• [What you should do]: The answer is to contain only the line containing "Mamaearth Onion &" and the lines after it through the last one, each reproduced exactly as it appears below.

Top of Task inputs

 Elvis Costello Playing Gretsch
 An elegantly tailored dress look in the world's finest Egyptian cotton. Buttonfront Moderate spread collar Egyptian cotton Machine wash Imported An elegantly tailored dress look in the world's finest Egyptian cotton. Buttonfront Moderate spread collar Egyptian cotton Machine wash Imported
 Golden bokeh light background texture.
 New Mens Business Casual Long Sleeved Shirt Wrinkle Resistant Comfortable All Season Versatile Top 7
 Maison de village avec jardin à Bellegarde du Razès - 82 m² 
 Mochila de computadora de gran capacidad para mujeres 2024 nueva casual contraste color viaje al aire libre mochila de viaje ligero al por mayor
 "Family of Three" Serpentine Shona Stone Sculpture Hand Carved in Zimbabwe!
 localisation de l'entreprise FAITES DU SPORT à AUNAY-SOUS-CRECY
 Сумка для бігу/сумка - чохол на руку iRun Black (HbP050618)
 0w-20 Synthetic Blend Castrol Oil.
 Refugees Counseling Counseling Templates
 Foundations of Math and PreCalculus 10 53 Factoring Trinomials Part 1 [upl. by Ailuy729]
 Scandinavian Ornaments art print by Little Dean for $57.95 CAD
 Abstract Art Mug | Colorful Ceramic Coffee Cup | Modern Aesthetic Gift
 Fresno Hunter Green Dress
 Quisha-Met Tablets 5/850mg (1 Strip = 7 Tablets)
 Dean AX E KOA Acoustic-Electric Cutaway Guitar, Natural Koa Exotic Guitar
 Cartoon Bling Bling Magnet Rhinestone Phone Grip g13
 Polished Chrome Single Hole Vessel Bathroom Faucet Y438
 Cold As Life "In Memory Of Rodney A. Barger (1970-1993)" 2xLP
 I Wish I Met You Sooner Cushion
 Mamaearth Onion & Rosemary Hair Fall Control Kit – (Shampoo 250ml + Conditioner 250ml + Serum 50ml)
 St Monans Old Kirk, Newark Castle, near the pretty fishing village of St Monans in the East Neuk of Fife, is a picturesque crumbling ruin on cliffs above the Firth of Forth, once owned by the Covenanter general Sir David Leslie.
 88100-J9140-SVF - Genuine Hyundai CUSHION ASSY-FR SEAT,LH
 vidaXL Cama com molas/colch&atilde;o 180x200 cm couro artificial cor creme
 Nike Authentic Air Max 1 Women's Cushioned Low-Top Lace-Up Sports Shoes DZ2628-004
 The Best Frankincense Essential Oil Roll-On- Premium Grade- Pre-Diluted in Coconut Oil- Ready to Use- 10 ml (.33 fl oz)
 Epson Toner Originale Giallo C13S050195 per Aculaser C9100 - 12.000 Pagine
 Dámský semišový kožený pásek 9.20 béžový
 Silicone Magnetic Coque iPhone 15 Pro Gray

Bottom of Task inputs

• [Problem solution]:
 Mamaearth Onion & Rosemary Hair Fall Control Kit – (Shampoo 250ml + Conditioner 250ml + Serum 50ml)
 St Monans Old Kirk, Newark Castle, near the pretty fishing village of St Monans in the East Neuk of Fife, is a picturesque crumbling ruin on cliffs above the Firth of Forth, once owned by the Covenanter general Sir David Leslie.
 88100-J9140-SVF - Genuine Hyundai CUSHION ASSY-FR SEAT,LH
 vidaXL Cama com molas/colch&atilde;o 180x200 cm couro artificial cor creme
 Nike Authentic Air Max 1 Women's Cushioned Low-Top Lace-Up Sports Shoes DZ2628-004
 The Best Frankincense Essential Oil Roll-On- Premium Grade- Pre-Diluted in Coconut Oil- Ready to Use- 10 ml (.33 fl oz)
 Epson Toner Originale Giallo C13S050195 per Aculaser C9100 - 12.000 Pagine
 Dámský semišový kožený pásek 9.20 béžový
 Silicone Magnetic Coque iPhone 15 Pro Gray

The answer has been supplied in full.